The first solder bump 160 or the second solder bump 162 may be formed on a surface (e.g., a bottom surface) of the lower bump pad 120. Each of the first and second solder bumps 160 and 162 may be matched 1:1 with one lower bump pad 120.

The first solder bumps 160 may be aligned to the through silicon vias 130 in the vertical direction. Accordingly, the first solder bump 160 may serve as the signal transmission bump.

The second solder bump 162 may include a solder bump aligned to the through silicon vias 130 in the vertical direction and a solder bump not aligned to the through silicon vias 130 in the vertical direction.

The second solder bump 162 may include a signal transmission bump 162a and a thermal path bump 162b.

For example, the second solder bumps 162 aligned to the through silicon vias 130 in the vertical direction may serve as signal transmission bumps 162a. One of the second sold bumps 162 formed on the second bump pad 142 may serve as the signal transmission bump. That is, one of the second sold bumps formed on the second bump pad 142 may be aligned to the through silicon vias 130. The second solder bumps 162 not aligned to the through silicon vias 130 may serve as the thermal path bumps 162b.

Various examples of shapes and areas of the second bump pad 142 may be illustrated.

In some example embodiments, in a plan view, the second bump pad 142 may have a line shape extending in one direction. Each of the second bump pads 142 may cover one of through silicon vias 130 and at least one of the second bump region adjacent the one of through silicon vias 130.

For example, as shown in FIG. 3A, each of the second bump pads 142 may cover one of the through silicon vias 130 and at least one second bump region neighboring the one of the through silicon vias 130 in the first direction. At least some of the second bump pads 142 may extend in the first direction while contacting lower surfaces of the second solder bumps 162 being spaced apart from each other in the first direction.

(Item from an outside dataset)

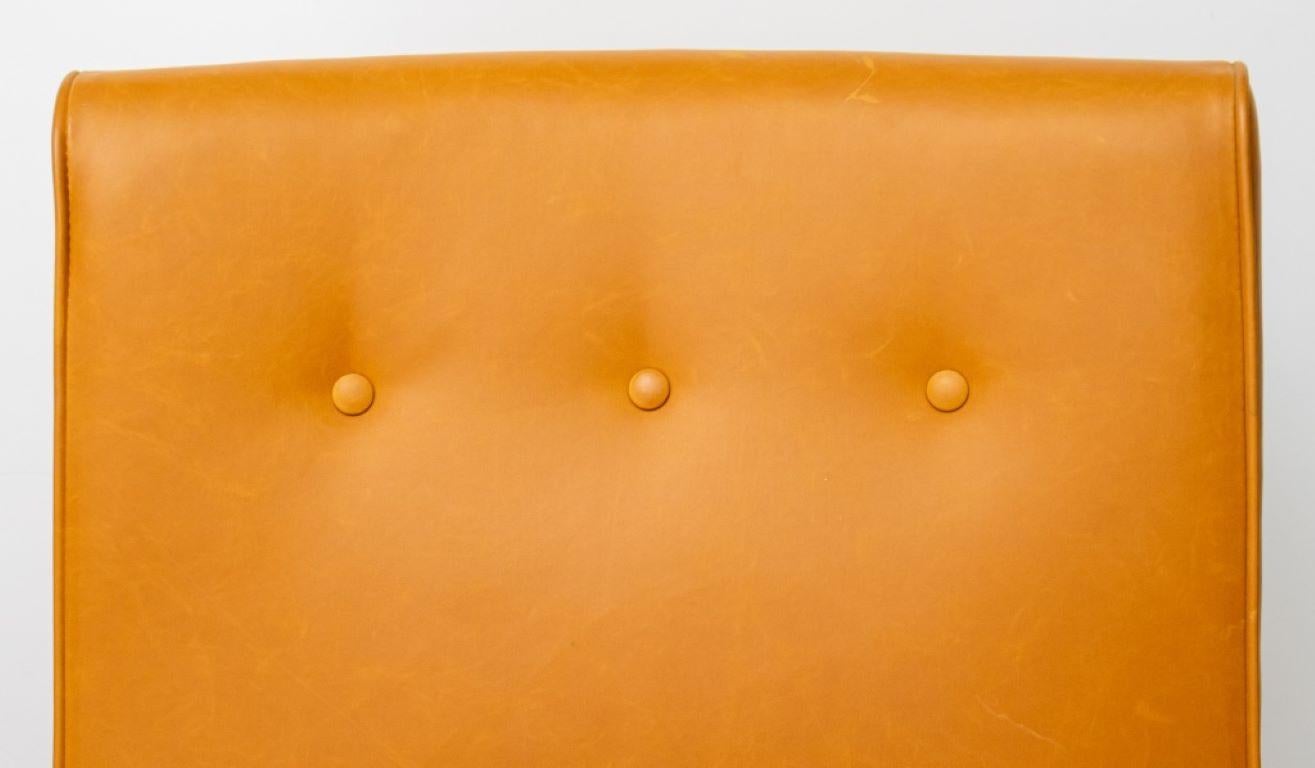 Scandinavian Modern Jens Risom Style Leather Lounge Chair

Some of the second bump pads 142 may cover one of the through silicon vias 130, with second bump regions neighboring the one of the through silicon vias 130 in each of the first and second directions. Some of the second bump pads 142 may have a bent line shape to cover the neighboring second bump regions in each of the first and second directions. Some of the second bump pads 142 may have the bent shape while contacting lower surfaces of the second solder bumps 162 being spaced apart from each other in each of the first and second directions.

For example, as shown in FIG. 3B, each of the second bump pads 142 may extend to cover one of through silicon vias 130 and at least one second bump region neighboring the one of through silicon vias 130 in the second direction. The second bump pad 142 may extend in the second direction while contacting lower portions of the second solder bumps 162 being spaced apart in the second direction.

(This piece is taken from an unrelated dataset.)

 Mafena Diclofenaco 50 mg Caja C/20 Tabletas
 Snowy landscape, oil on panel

In some example embodiments, in a plan view, as shown in FIG. 3C, each of the second bump pads 142 may have a rectangular shape covering one of through silicon vias 130, at least one of the second bump regions adjacent to the one of the through silicon vias 130 in the first direction and at least one of the second bump region adjacent to the one of the through silicon vias 130 in the second direction. An upper surface of the second bump pad 142 may have a rectangular shape while contacting lower portions of the second solder bumps 162 being spaced apart from each other in each of the first and second directions.

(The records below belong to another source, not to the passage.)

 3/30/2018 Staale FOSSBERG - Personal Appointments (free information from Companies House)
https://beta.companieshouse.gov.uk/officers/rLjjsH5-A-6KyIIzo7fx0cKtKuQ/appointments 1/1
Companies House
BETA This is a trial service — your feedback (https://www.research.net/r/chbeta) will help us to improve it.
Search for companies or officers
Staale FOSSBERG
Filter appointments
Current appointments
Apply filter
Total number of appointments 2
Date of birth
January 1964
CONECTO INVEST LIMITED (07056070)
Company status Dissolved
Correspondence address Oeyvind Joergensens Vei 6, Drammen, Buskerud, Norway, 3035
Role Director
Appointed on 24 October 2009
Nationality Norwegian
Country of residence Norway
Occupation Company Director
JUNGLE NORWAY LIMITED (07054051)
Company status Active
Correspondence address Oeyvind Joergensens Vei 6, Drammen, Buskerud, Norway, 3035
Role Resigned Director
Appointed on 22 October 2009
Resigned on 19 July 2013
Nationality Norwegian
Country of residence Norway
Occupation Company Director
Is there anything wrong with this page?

The first and second bump pads 140 and 142 may have the same or substantially the same stacked structure. The first and second bump pads 140 and 142 may include a metal material. For example, each of the first and second upper bump pads 140 and 142 may include at least one selected from copper, tin (Sn), nickel (Ni), gold (Au), and silver (Ag), but example embodiments are not limited thereto. These may be used singly or stacked two or more.

For example, as shown in FIG. 4, the first and second bump pads 140 and 142 may have a structure in which a seed copper pattern 206b, a nickel pattern 222a, and a gold pattern 222b are stacked. In some example embodiments, a barrier metal pattern 207 may be included under the seed copper pattern 206b. The barrier metal pattern 207 may include, e.g., titanium, titanium nitride, tantalum, tantalum nitride, or the like.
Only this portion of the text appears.